Note: Why objects reflect light of their color is already answered here:
Physics of color: why do visible colors absorb all colors except the color itself?
My question is whether my following theory of why this happens is also valid (stop me anywhere that I go wrong):
My thinking was that a red object has red light-waves. When a light-wave hits it, the red portion of the light-wave is in phase with the object's red light-waves, and so due to constructive interference the red light is amplified (which is why we see it most).
Conversely, most other color portions of the light-wave that hits the object are out of the phase with the object's red light-waves, and due to destructive interference we don't see these colors.
Is this theory correct?
Best Answer
First, in the article you mention, it says that biological color perception is different from physical color wavelength associations.
When you say a red object, it can reflect many wavelengths of EM waves, which altogether our eye and brain perceive as red.
But let us just talk about an object that would reflect only red wavelength EM waves, so in a physical way it would be red.
What happens with that object is, that the molecular structure of the object is so that the atoms' electrons energy levels (as per QM) have available levels so the atoms can be excited and so some wavelength photons will be absorbed. Other photons will not be absorbed (because they do not fit the available energy level's differences) and so those will be reflected.
The physical color of the object, so the EM waves that come from the object are reflected and emitted both. Some of the emitted are not even visible wavelengths.
So the physical color of the object comes from:
1.reflection of red wavelength photons
2.emission of red wavelength photons
So basically the object will absorb and re-emit some photons, and will reflect some others. All of those photons together will be the physical color of the object (the ones that are in the visible wavelength). So some of the EM waves coming from the object will not even be in the visible wavelength. But you are talking about the visible red wavelength ones so I am going to talk about those wavelengths.
The photons that are reflected are usually elastically scattered, so their wavelength is the same, their energy level is the same, only their direction is changed.
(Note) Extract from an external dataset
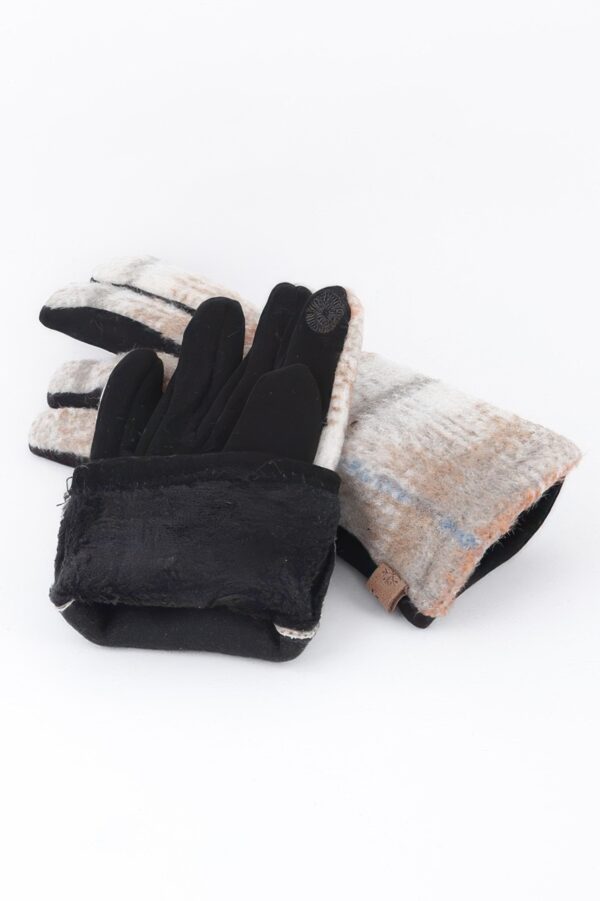 Light Cotton Plaid Gloves – Breathable Plaid Style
The photons that are absorbed and re-emitted are sometimes not emitted at the same wavelength (some of them). It is because when an atom gets excited, and the electron moves to a higher energy level (as per QM), the electron will come down to the lower level again. But the electron can come down in multiple steps. And in that case it is emitted multiple photons with different wavelengths then the originally absorbed photon. So if a photon gets absorbed, sometimes it is re-emitted with the same wavelength, in that case the electron came down to the lower energy level in only one step.
But sometimes the electron will come down to the lower energy level in multiple steps, and sometimes the electron will be excited so (when absorbing a photon) that it will move to a higher energy level of more then one level away, so it will go up more then one level at one step (with one absorption).
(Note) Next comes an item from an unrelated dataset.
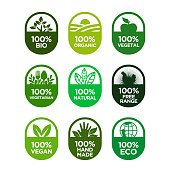 Healthy food and healthy life icons set.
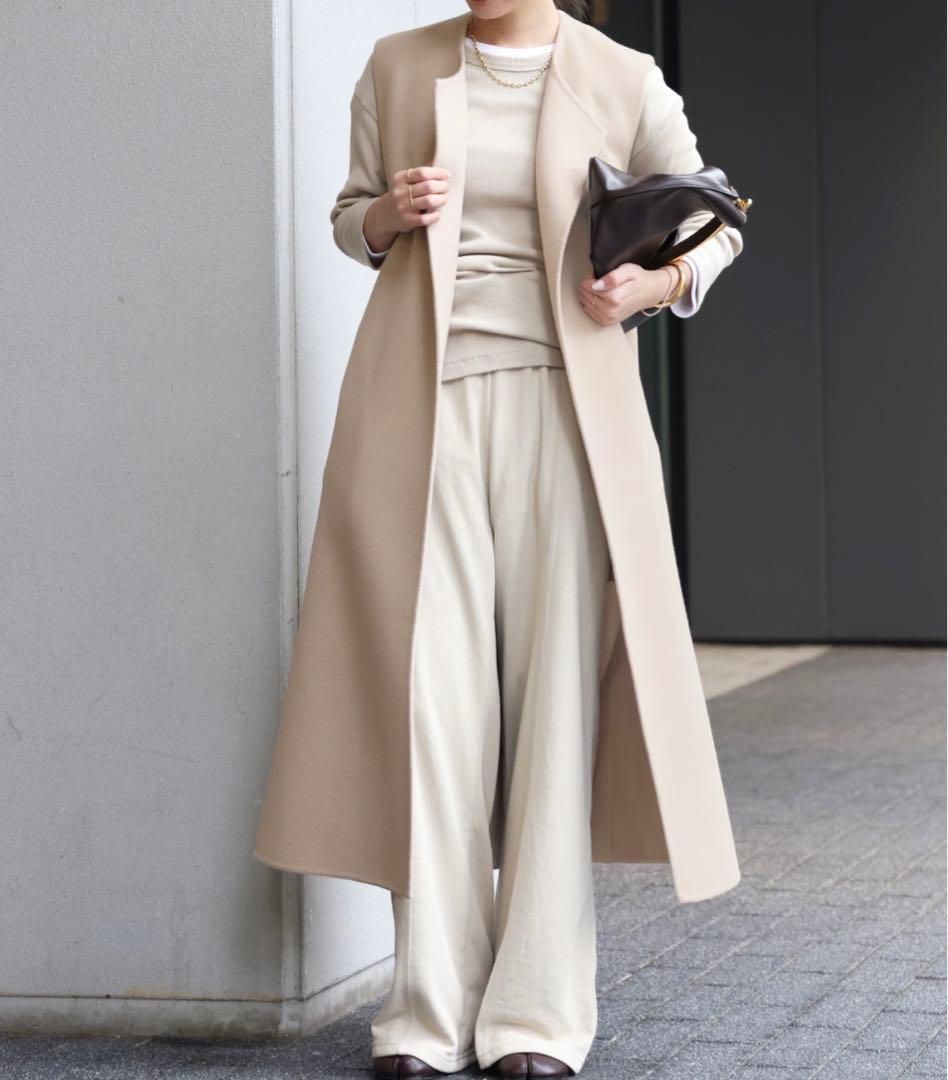 ベ*ル様 ドゥーズィエムクラス　2024AW ウールアンゴラ　ロングベスト　ベー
So basically one absorption can have multiple re-emissions, and in that case the absorbed wavelength, in your case red, will have nothing to do with the re-emitted wavelength.
In your case, the reason the object is red (physically again, not biologically) is because:
it is reflecting and emitting red wavelength photons.
And because it is absorbing other wavelengths, non-reds.
And it is only re-emitting red wavelength photons.
Even if it is absorbing non-red wavelengths, it will still re-emit red wavelength photons.